怠惰な日々

 *blogではありません。日記です。

MOMATコレクション、とかげのわかば@代々木Barbara

大荒れの天気から一転して春らしい日和。
朝から九段下へ。武道館では明治大学の入学式をやるそうで、ついこないだまで高校生だった人たちが集まっている。僕の時はたしか講堂かなにかに集まったような気がするが、あまり覚えていない。武道館借りてまでやるほどのものなのかという気もしたが、まあいいか。
予定通り10時過ぎに国立近代美術館に到着。先日時間切れで見れなかったコレクション展を見に来たわけだ。
4Fはまあいつも通り。「美術にぶるっ」展に出ていたものも多い。なかに吉野の桜を描いた六曲二双くらいの大ぶりな屏風があって、これがまさにこぼれ散る桜の花びらが屏風に付いたかのような見事なものだったのだけど、見に来ていたおばさんが一目見るなり大きく感嘆の声をあげていた。絵を見て思わず心から声が出てしまうことなんて、僕にあっただろうか。絵を見た回数や質や鑑賞眼に関してはこのおばさんに決して負けてはいないはずだが、このとき僕はこのおばさんがとても羨ましかった。それでこそ絵を見るということなんだと思った。監視員さんもあえて注意しなかったのは、僕と同じように思ったからかもしれない。

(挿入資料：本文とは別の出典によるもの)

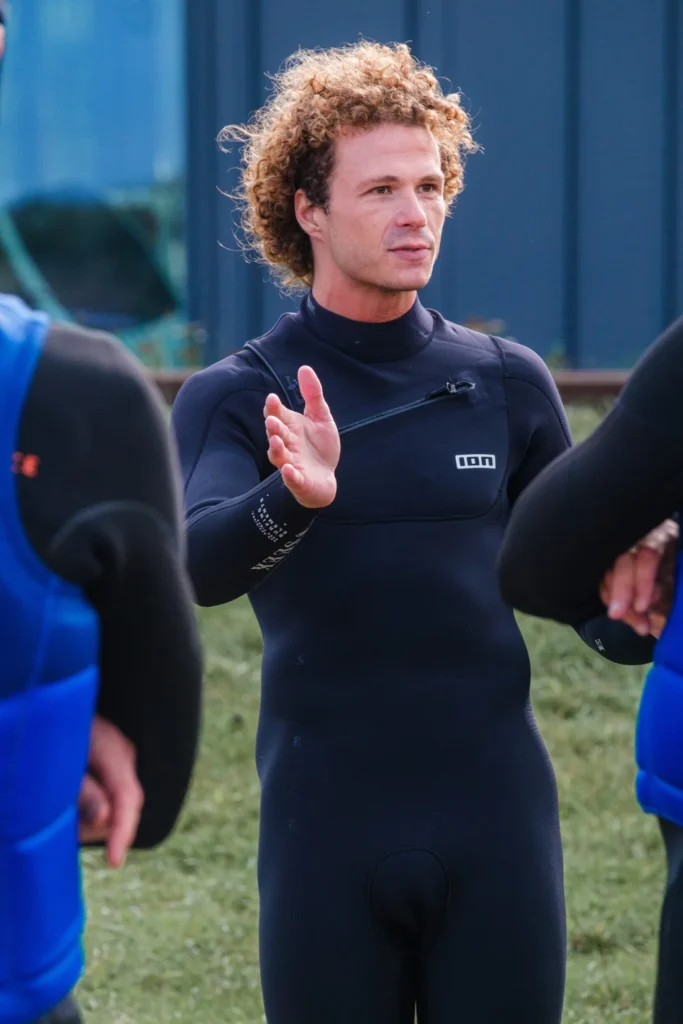 In het voor- en najaar hoort een lang wetsuit er gewoon bij.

3Fでは盛田良子コレクションの展示があり、その盛田良子氏の略歴を見ると三省堂社長令嬢にしてソニー創業者盛田昭夫氏の細君であるとか。結婚した年からするとソニー黎明期のことで、そのような時期に大出版社の令嬢が新興メーカーの起業家と結婚というのは少々驚きである。どうしてそうなったのかわからないが、おそらくその縁組はソニーの人脈と資金調達に大きな影響があっただろう。ソニーの発展は単に技術力や盛田昭夫らの力によるものではないのだろう。
という話は美術とは何の関係もないのだが、この人名を冠したコレクションが寄贈ではなく購入だというのも驚きで、もちろんいかに資産家とはいえ価格が相当なものだから寄贈しろとは言えたもんじゃないし安く譲られたのかもしれないが、前所有者の名前をつけるのはどうなのか。一部には寄贈品もあるし、今も所有しているものを借りてもいるのだが。

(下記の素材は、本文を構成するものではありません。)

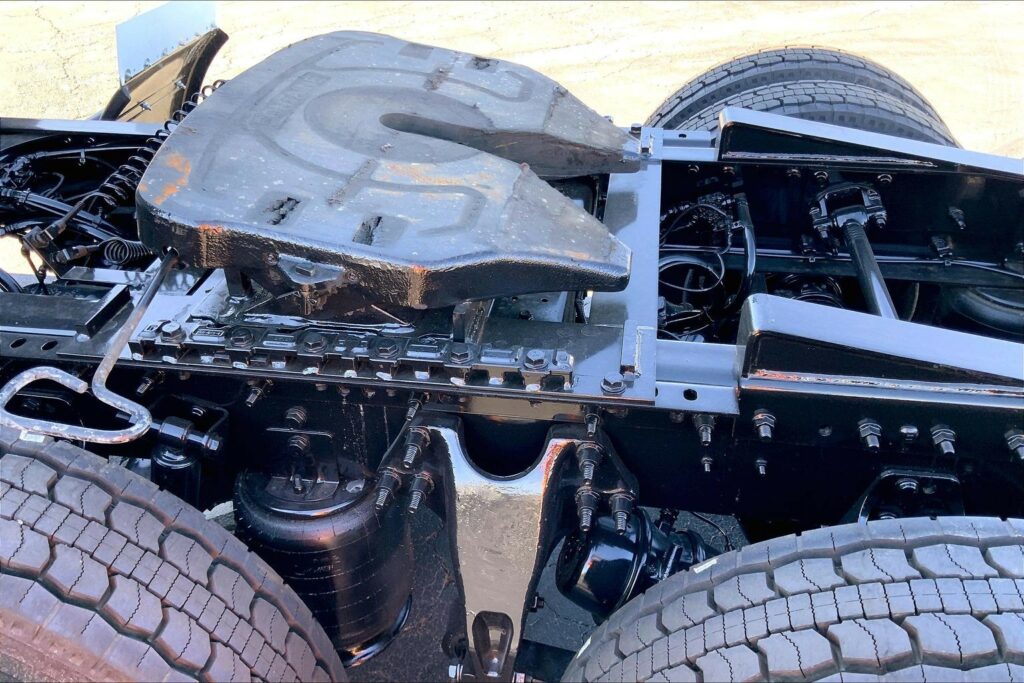 2021 CUM LT625 6×4 Day Cab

とはいえ、この盛田良子コレクションの質は相当なもので、どれもこれも近代美術の逸品。しかも一本筋が通ったテイストがあり、点数は少なくともこれだけでちょっとした美術館のよう。しかもこれらの品々が盛田家のリビングに飾られている写真を見せられると、金持ちってこういうことなのねと思わざるを得ない。いやはや。
3Fは少し僕好みなのでゆっくりと鑑賞。写真作品にいいものがあって、そういえばここはSally Mannの作品も所蔵しているはずなのでいつか展示してください。

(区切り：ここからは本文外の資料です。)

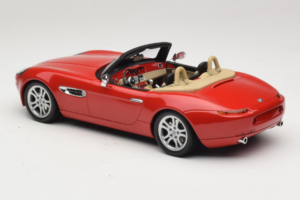 BMW Z8 Punainen Minichamps 1:18 155024230 Metalli — kuva 5 / 6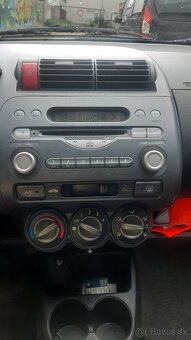 Predam Honda Jazz 1.4 benzin r.v.2002 - 2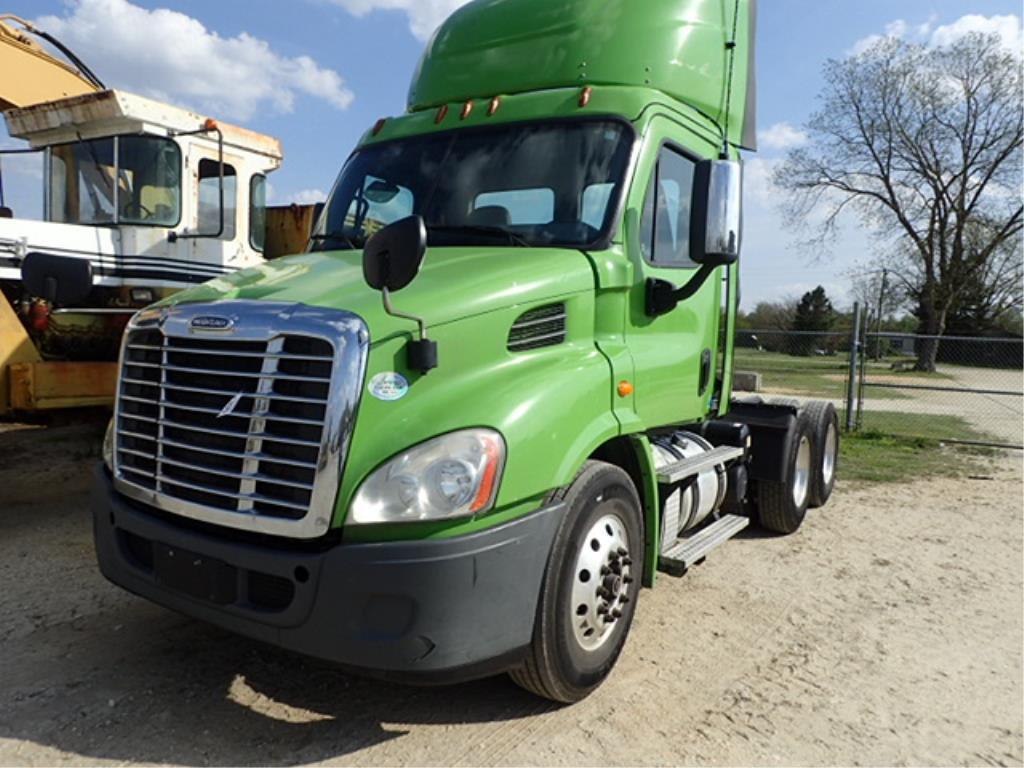 Greg Peterson on Twitter "Check out large 2ring farm and construction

2Fは見たことのあるものが多かったけれど、そう悪くもなく。
見終わると12時過ぎており、急ぎ帰宅。パンを2つ食べて昼食として、クリーニングを取りに行った。
クリーニングの仕上げがおかしいと指摘したが、ろくに聞いちゃいないようなので店を変えようかな。業種がら理不尽なクレームもあるのだろうが、仕立てに合わせた仕上げをする気がないのでは使う気になれない。
夕方ご飯を炊きいなばのタイカレーグリーン。妻の分を残しておいたが、適度な量がわからないので困る。
家を出るとなんと事故で電車が止まっていて、どうしようかと思ったがなんとか復旧し新宿へ。たしかに迷惑はしたのだが、だからといって死を悼む体裁くらいはとれないものかと他の乗客に思ったりもした。
新宿から代々木バーバラへ歩いてゆく。思ったより近いので時間調整と思って入ったブックオフJonsi & Alex「Riceboy Sleeps」を500円で発見して即買い。ついてるなあ。
バーバラのあたりは薄暗い小さな盛り場のようなところで、新宿のビル街から一転しているところが面白い。東京は歩いていないところがたくさんあるので、こういう発見ができる機会がうれしい。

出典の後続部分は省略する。